We may write the WAV data to FFmpeg stdin
pipe, and read the encoded OGG data from FFmpeg stdout
pipe.
My following answer describes how to do it with video, and we may apply the same solution to audio.
Piping architecture:
-------------------- Encoded --------- Encoded ------------
| Input WAV encoded | WAV data | FFmpeg | OGG data | Store to |
| stream | ----------> | process | ----------> | BytesIO |
-------------------- stdin PIPE --------- stdout PIPE -------------
The implementation is equivalent to the following shell command:
cat input.wav | ffmpeg -y -f wav -i pipe: -acodec libopus -f ogg pipe: > test.ogg
According to Wikipedia, common audio codecs for OGG format are Vorbis, Opus, FLAC, and OggPCM (I selected Opus audio codec).
The example uses ffmpeg-python module, but it's just a binding to FFmpeg sub-process (FFmpeg CLI must be installed, and must be in the execution path).
Execute FFmpeg sub-process with stdin
pipe as input and stdout
pipe as output:
ffmpeg_process = (
ffmpeg
.input('pipe:', format='wav')
.output('pipe:', format='ogg', acodec='libopus')
.run_async(pipe_stdin=True, pipe_stdout=True)
)
The input format is set to wav
, the output format is set to ogg
and the selected encoder is libopus
.
Assuming the audio file is relatively large, we can't write the entire WAV data at once, because doing so (without "draining" stdout
pipe) causes the program execution to halt.
We may have to write the WAV data (in chunks) in a separate thread, and read the encoded data in the main thread.
Here is a sample for the "writer" thread:
def writer(ffmpeg_proc, wav_bytes_arr):
chunk_size = 1024 # Define chunk size to 1024 bytes (the exacts size is not important).
n_chunks = len(wav_bytes_arr) // chunk_size # Number of chunks (without the remainder smaller chunk at the end).
remainder_size = len(wav_bytes_arr) % chunk_size # Remainder bytes (assume total size is not a multiple of chunk_size).
for i in range(n_chunks):
ffmpeg_proc.stdin.write(wav_bytes_arr[i*chunk_size:(i+1)*chunk_size]) # Write chunk of data bytes to stdin pipe of FFmpeg sub-process.
if (remainder_size > 0):
ffmpeg_proc.stdin.write(wav_bytes_arr[chunk_size*n_chunks:]) # Write remainder bytes of data bytes to stdin pipe of FFmpeg sub-process.
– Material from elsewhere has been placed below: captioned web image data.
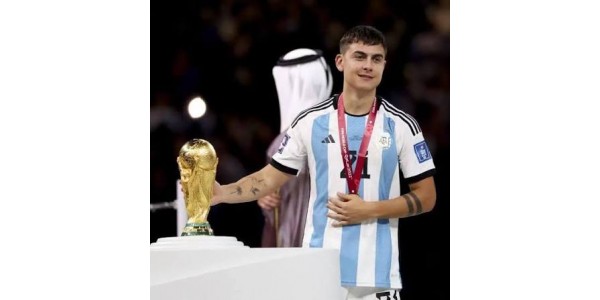 Paulo Dybala sentiu-se orgulhoso por ser reserva de Lionel Messi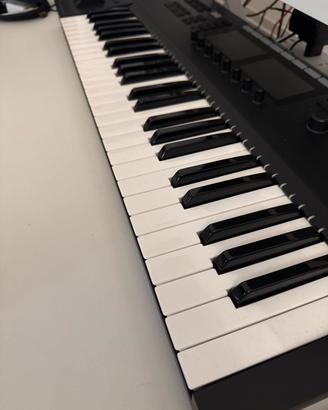 Komplete kontrol s49 + komplete 13 ultimate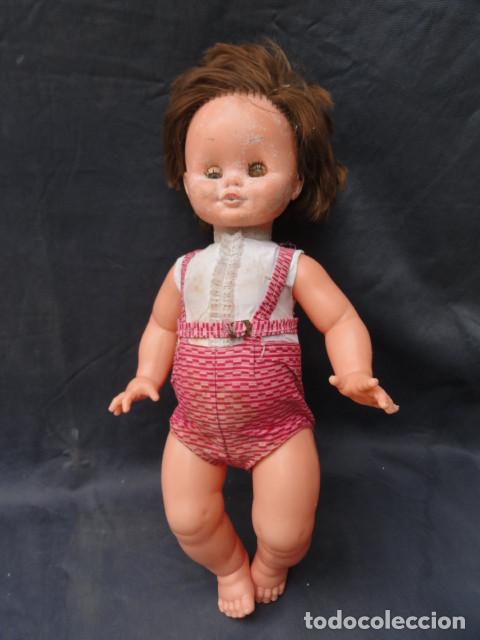 Mu&ntilde;ecas espa&ntilde;olas modernas: MU&Ntilde;ECA PL&Aacute;STICO GOMA A&Ntilde;OS 70. - Foto 1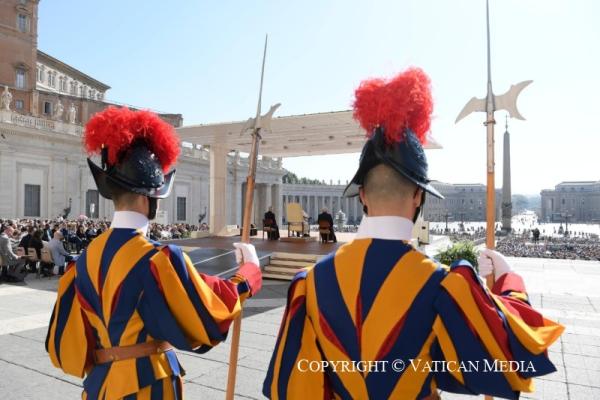 Bài Giáo Lý Về Tuổi Già – Bài 12. « Xin Đừng Bỏ Rơi Con Khi Sức Lực Suy Tàn» (Tv 71(70), 9)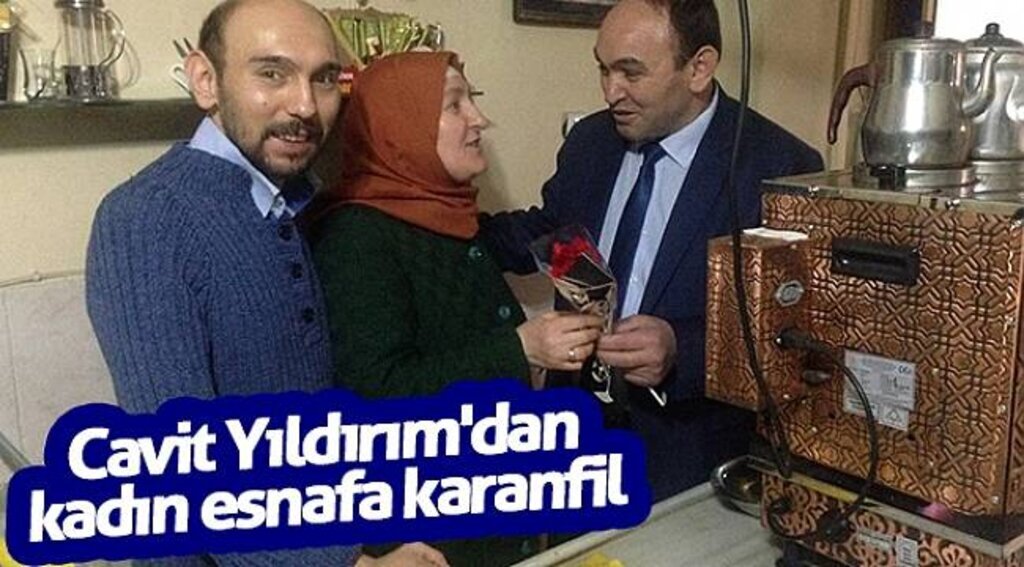 Cavit Yıldırım'dan kadın esnafa karanfil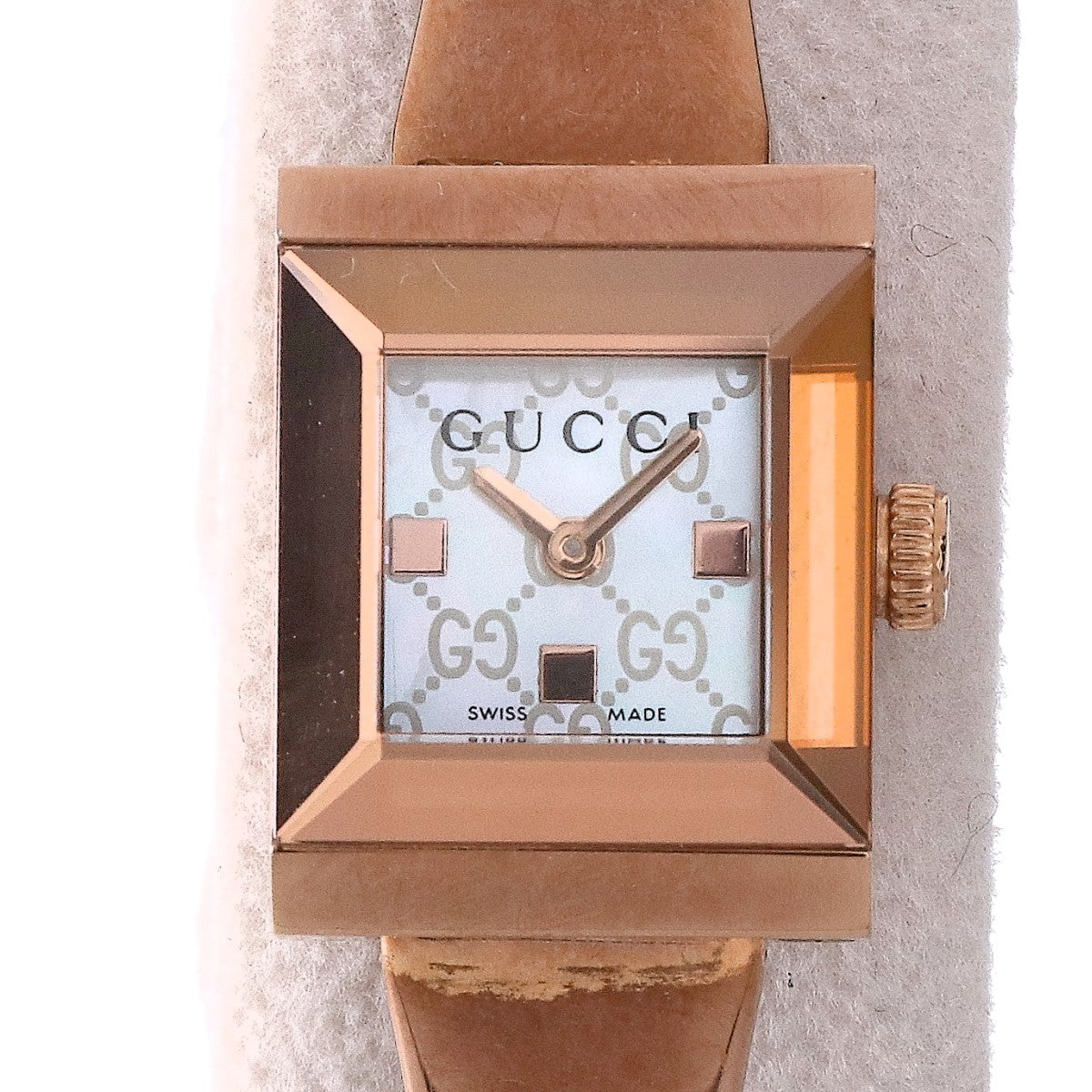 GUCCI グッチ 128.5 シェル文字盤 バングルウォッチ/ 腕時計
ffmpeg_proc.stdin.close() # Close stdin pipe - closing stdin finish encoding the data, and closes FFmpeg sub-process.
The "writer thread" writes the WAV data in small chucks.
The last chunk is smaller (assume the length is not a multiple of chuck size).
At the end, stdin
pipe is closed.
Closing stdin
finish encoding the data, and closes FFmpeg sub-process.
In the main thread, we are starting the thread, and read encoded "OGG" data from stdout
pipe (in chunks):
thread = threading.Thread(target=writer, args=(ffmpeg_process, wav_bytes_array))
thread.start()
while thread.is_alive():
ogg_chunk = ffmpeg_process.stdout.read(1024) # Read chunk with arbitrary size from stdout pipe
out_stream.write(ogg_chunk) # Write the encoded chunk to the "in-memory file".
For reading the remaining data, we may use ffmpeg_process.communicate()
:
# Read the last encoded chunk.
ogg_chunk = ffmpeg_process.communicate()[0]
out_stream.write(ogg_chunk) # Write the encoded chunk to the "in-memory file".
Complete code sample:
import ffmpeg
import base64
from io import BytesIO
import threading
# Equivalent shell command
# cat input.wav | ffmpeg -y -f wav -i pipe: -acodec libopus -f ogg pipe: > test.ogg
# Writer thread - write the wav data to FFmpeg stdin pipe in small chunks of 1KBytes.
def writer(ffmpeg_proc, wav_bytes_arr):
chunk_size = 1024 # Define chunk size to 1024 bytes (the exacts size is not important).
n_chunks = len(wav_bytes_arr) // chunk_size # Number of chunks (without the remainder smaller chunk at the end).
remainder_size = len(wav_bytes_arr) % chunk_size # Remainder bytes (assume total size is not a multiple of chunk_size).
for i in range(n_chunks):
ffmpeg_proc.stdin.write(wav_bytes_arr[i*chunk_size:(i+1)*chunk_size]) # Write chunk of data bytes to stdin pipe of FFmpeg sub-process.
if (remainder_size > 0):
ffmpeg_proc.stdin.write(wav_bytes_arr[chunk_size*n_chunks:]) # Write remainder bytes of data bytes to stdin pipe of FFmpeg sub-process.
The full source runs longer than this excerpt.